The Company We Keep
Description
On Tuesday nights in
the backroom of Cassie’s café, six strangers seek solace and find
themselves part of a “Company of Good Cheer”
Hazzley is at loose ends, even three years after the death of her husband.
When her longtime friend Cassandra, café owner and occasional dance-class
partner, suggests that she start up a conversation group, Hazzley posts a
notice on the community board at the local grocery store. Four people turn up
for the first meeting: Gwen, a recently widowed retiree in her early sixties,
who finds herself pet-sitting a cantankerous parrot; Chiyo, a forty-year-old
fitness instructor who cared for her unyielding but gossip-loving mother
through the final days of her life; Addie, a woman pre-emptively grieving a
close friend who is seriously ill; and Tom, an antiques dealer and amateur poet
who, deprived of home baking since becoming a widower, comes to the first
meeting hoping cake will be served. Before long, they are joined by Allam, a
Syrian refugee with his own story to tell.
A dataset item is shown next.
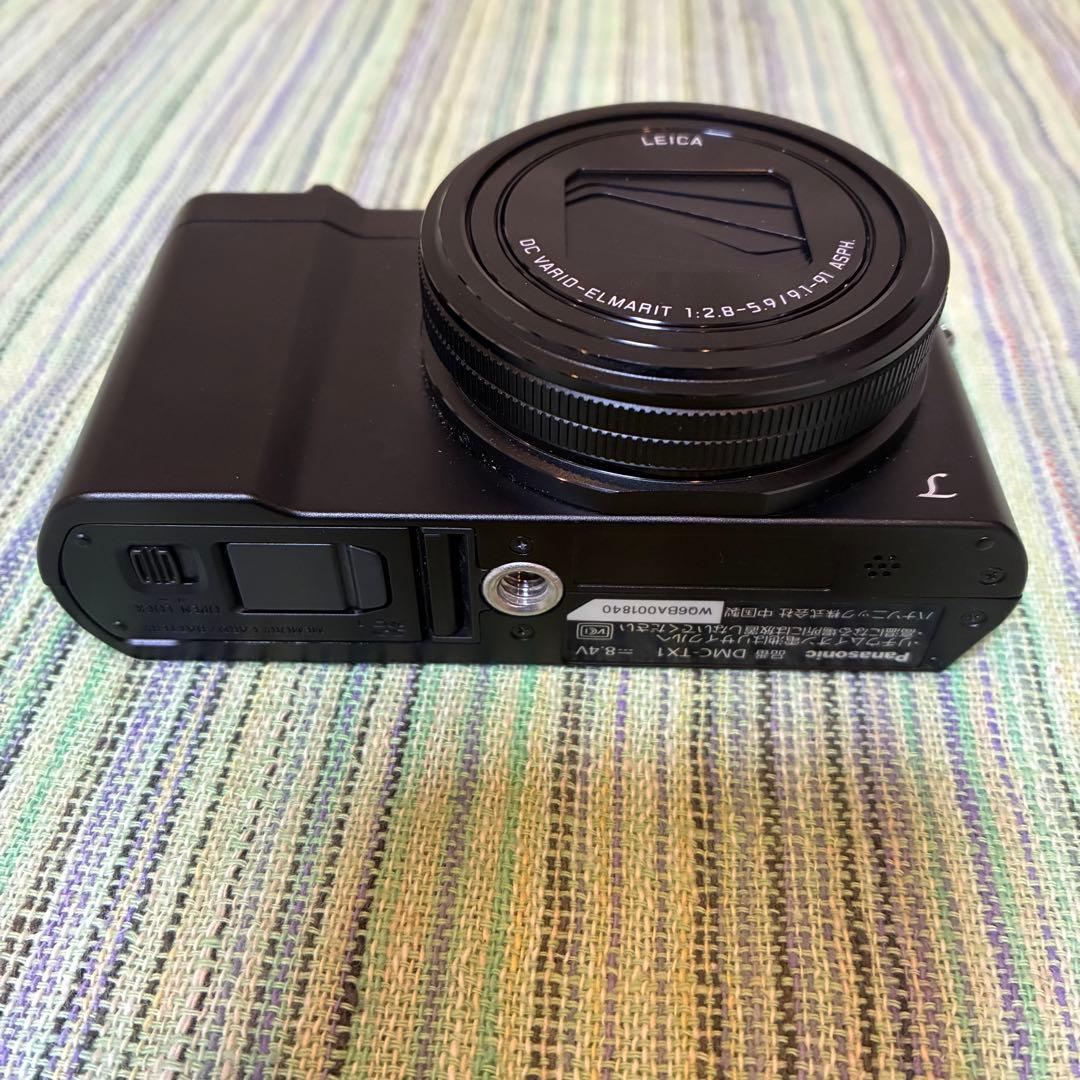 Panasonic DMC-TX1 コンパクトデジタルカメラ　充電器オマケ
These six strangers are learning that beginnings can be possible at any
stage of life. But as they tell their stories, they must navigate
what is shared and what is withheld. Which version of the truth will be revealed? Who is
prepared to step up when help is needed? This moving, funny and deeply
empathic new novel from acclaimed author Frances Itani reminds us that life,
with all its twists and turns, never loses its capacity to surprise.
More details
Person
FRANCES ITANI has written eighteen books. Her novels include That’s My Baby; Tell, shortlisted for the Scotiabank Giller Prize; Requiem, chosen by the Washington Post as one of the top fiction titles of 2012; Remembering the Bones, published internationally and shortlisted for a Commonwealth Writers’ Prize; and the #1 bestseller Deafening, which won a Commonwealth Writers’ Prize and was shortlisted for the International IMPAC Dublin Literary Award. Published in seventeen territories, Deafening was also selected for CBC’s Canada Reads. A three-time winner of the CBC Literary Prize, Frances Itani is a Member of the Order of Canada and the recipient of a 2019 Library and Archives Canada Scholars Award. She lives in Ottawa.